At this time we cannot consider FawltyDeps in scope for our review process.

The main reason is that it is a general development tool, rather than a tool focused on open science. I.e., above you checked "workflow automation" as one of the categories, but by that we mean a tool that focuses on research workflows, like snakemake. This sense of "workflow" might not be clear to everyone, although there is a significant community around it. Happy to hear if this could be better explained in our guide. A secondary reason is that some of the functionality overlaps with existing tools, e.g. flake8 and isort.

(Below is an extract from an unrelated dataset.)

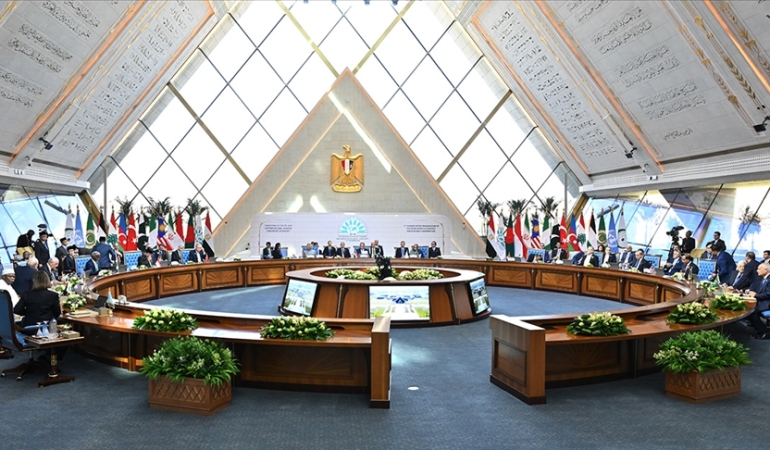 Azerbaycan D-8’e üye oldu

You are of course right that "there is more than one obvious way to declare your dependencies in Python" as you say in your blog post. So we understand where you are coming from with developing FawltyDeps. One way we might address this through pyOpenSci would be to help educate scientific developers about dependencies, so they understand the difference between declaring a dependency in a pyproject.toml file vs. adding a dependency in a requirements.txt file. I didn't find anything on this in the FawltyDeps documentation--if it's not there already, maybe you could consider adding some information on it? I like the way it's discussed in this Donald Stufft post: https://caremad.io/posts/2013/07/setup-vs-requirement/.

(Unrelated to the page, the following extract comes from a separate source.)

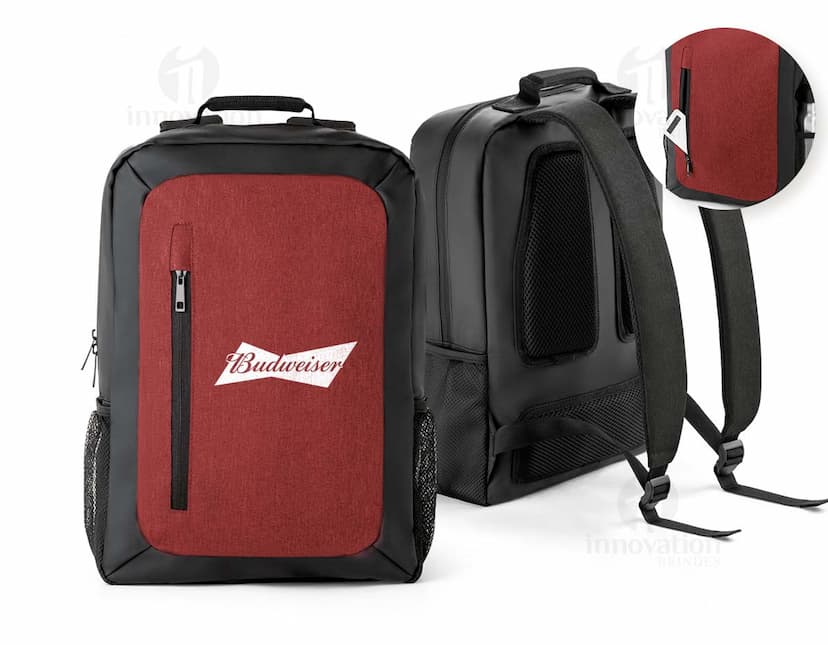 Mochila para notebook preta de couro, moderna e elegante, com compartimento para notebook, organizador interno, alças ajustáveis e fecho em metal. Ideal para transporte de equipamentos eletrônicos e objetos pessoais durante viagens ou para uso diário.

Generally speaking, though, we cannot consider development tools for review, at least at this time. That's because one of our goals is to help connect scientific Python developers with the broader Python community. For example, we want to increase awareness of all the incredible work being done by software engineers that are creating packaging workflow tools as presented in our guide. Those engineers are working incredibly hard to eliminate the kinds of pain points that FawltyDeps tries to address with an automated tool. I hope you can understand why we would not want to claim that we can review the tools they--and you--are developing, especially after we just went through a very lengthy review process asking for a ton of input from those developers and maintainers of core scientific Python packages.

So, we get where you are coming from, but we need to consider this out of scope for pyOpenSci. Please let me know if this is clear.

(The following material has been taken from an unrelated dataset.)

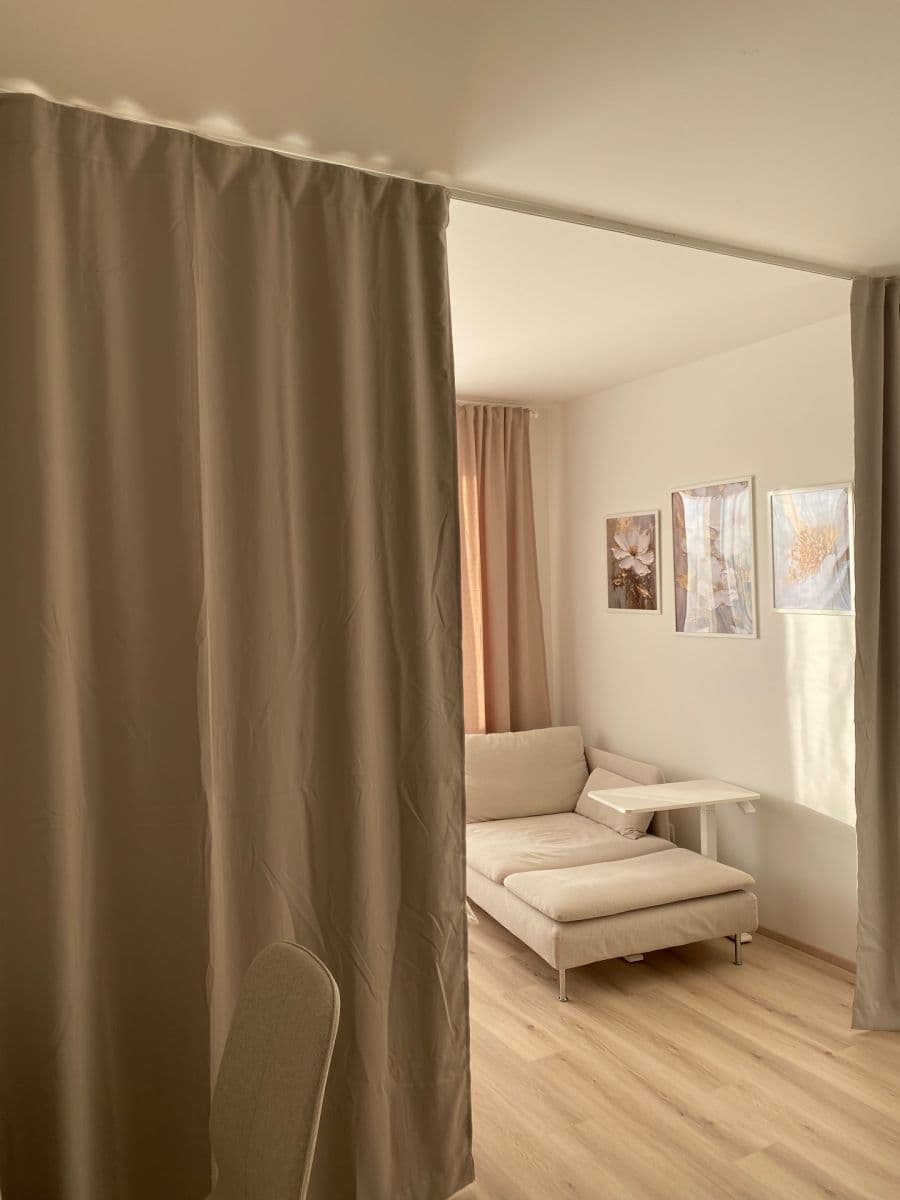 Pronájem bytu 1+kk 32 m², Sobí, Praha, Praha Pronájem bytu 1+kk 32 m², Sobí, Praha, Praha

NickleDave commented 1 year ago

Hi again @mknorps @Nour-Mws and @jherland, I will go ahead and close now since this is considered out of scope but we're happy to continue the discussion here if needed

mknorps commented 1 year ago

Thank you very much for the time and thought you spent reviewing our submission!

We understand why this project is considered out of scope, you presented it clearly. We hope at the same time that the awareness of issues with governing dependency will grow in the scientific community and that scientists will also find it beneficial to follow general software design principles.

NickleDave commented 1 year ago

We hope at the same time that the awareness of issues with governing dependency will grow in the scientific community and that scientists will also find it beneficial to follow general software design principles.

Couldn't agree more!

Thank you @mknorps @Nour-Mws @jherland for understanding and thank you for the work you are doing on a very hard problem!